Start of Block
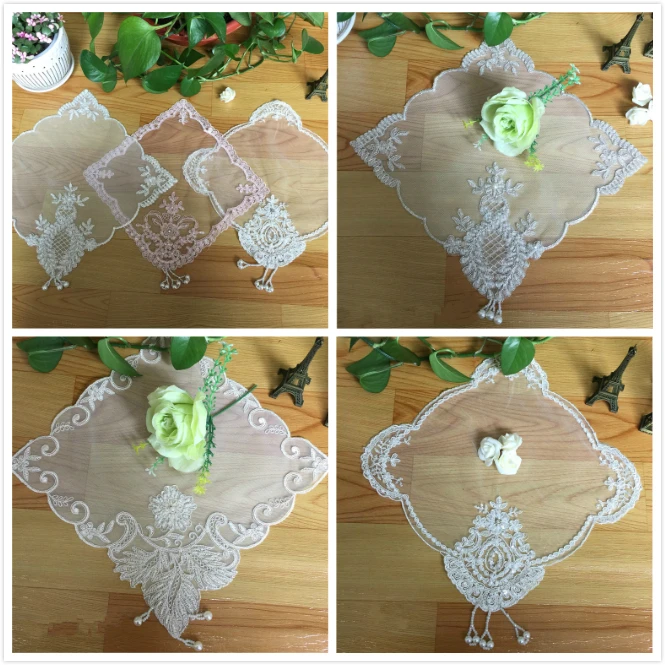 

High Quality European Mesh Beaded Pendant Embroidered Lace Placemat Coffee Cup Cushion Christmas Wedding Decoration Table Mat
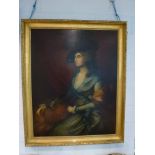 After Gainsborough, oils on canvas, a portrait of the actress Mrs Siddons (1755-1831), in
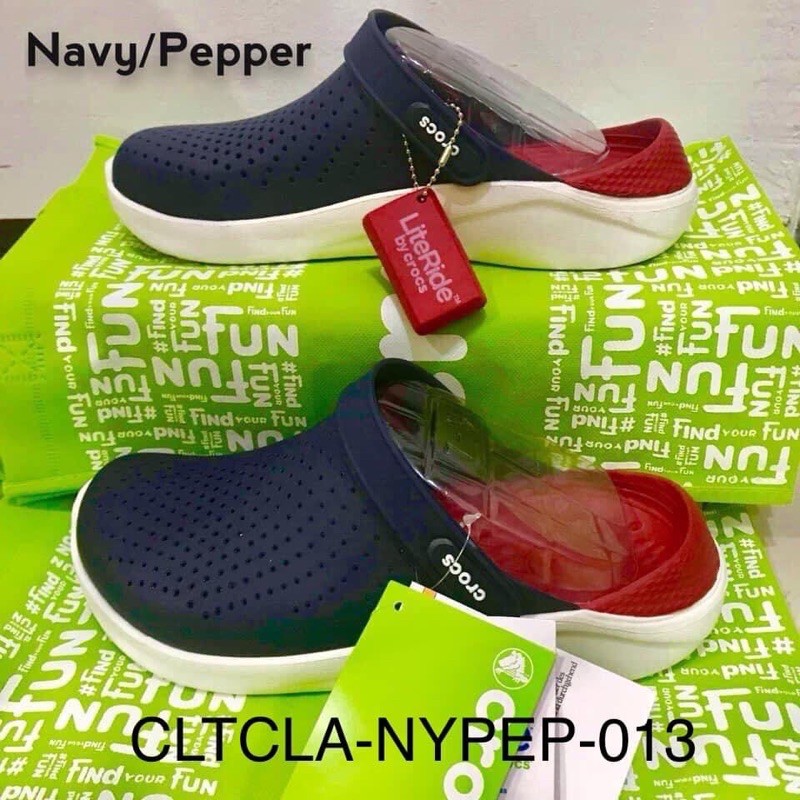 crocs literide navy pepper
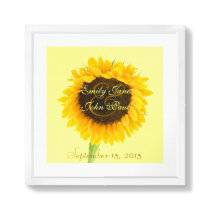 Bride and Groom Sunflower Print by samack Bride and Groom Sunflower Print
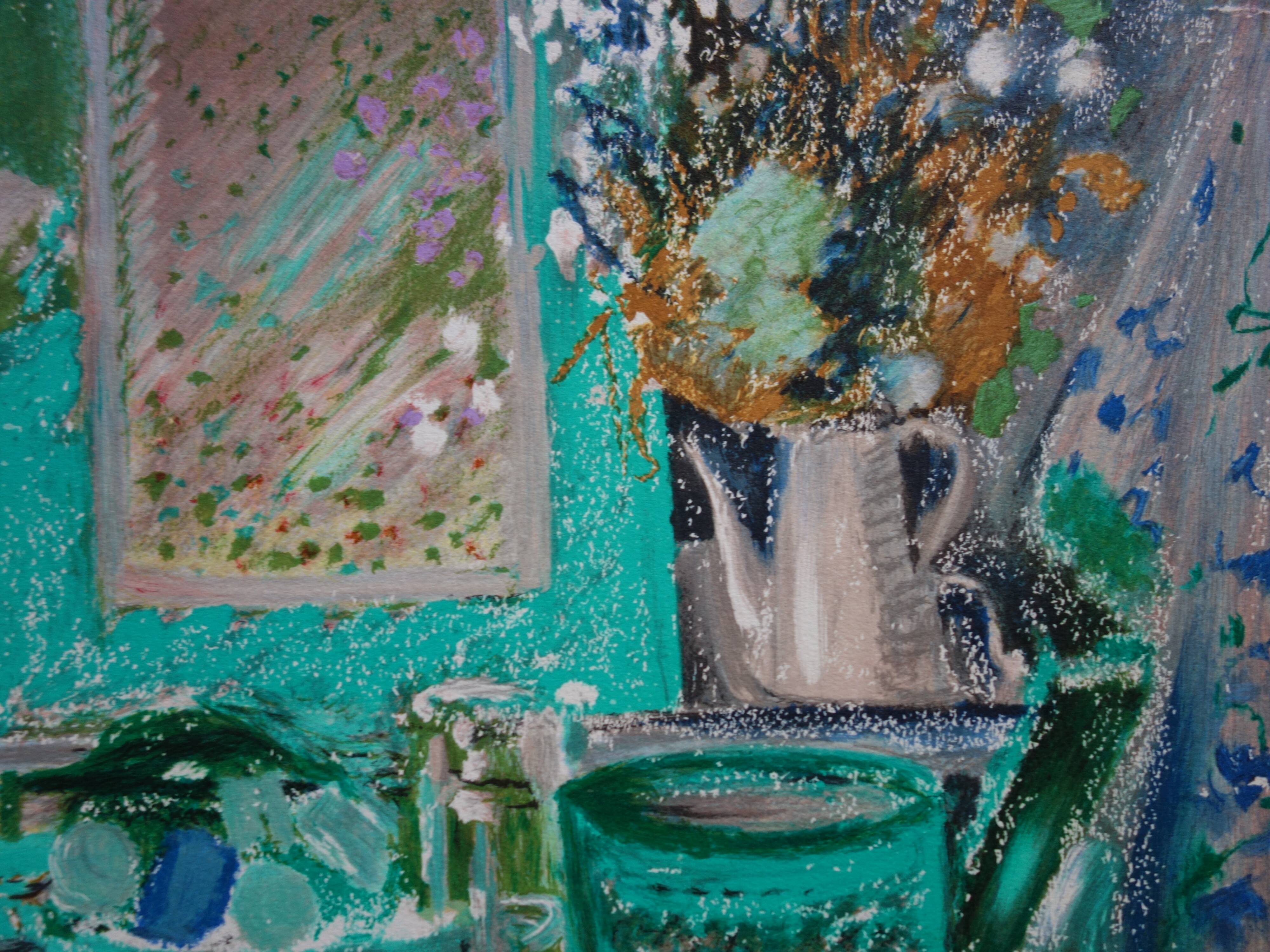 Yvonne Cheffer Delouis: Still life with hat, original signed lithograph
End of Block
Start of Block
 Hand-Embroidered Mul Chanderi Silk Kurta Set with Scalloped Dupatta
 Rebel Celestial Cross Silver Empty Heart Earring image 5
End of Block
▸ **What you are asked to do**
Look back at the data above, then output exactly the lines from the line holding "After Gainsborough, oils" up to and including the line holding "Yvonne Cheffer Delouis: Still". Leave out the pictures.

▸ **Response to the task**
 After Gainsborough, oils on canvas, a portrait of the actress Mrs Siddons (1755-1831), in
 crocs literide navy pepper
 Bride and Groom Sunflower Print by samack Bride and Groom Sunflower Print
 Yvonne Cheffer Delouis: Still life with hat, original signed lithograph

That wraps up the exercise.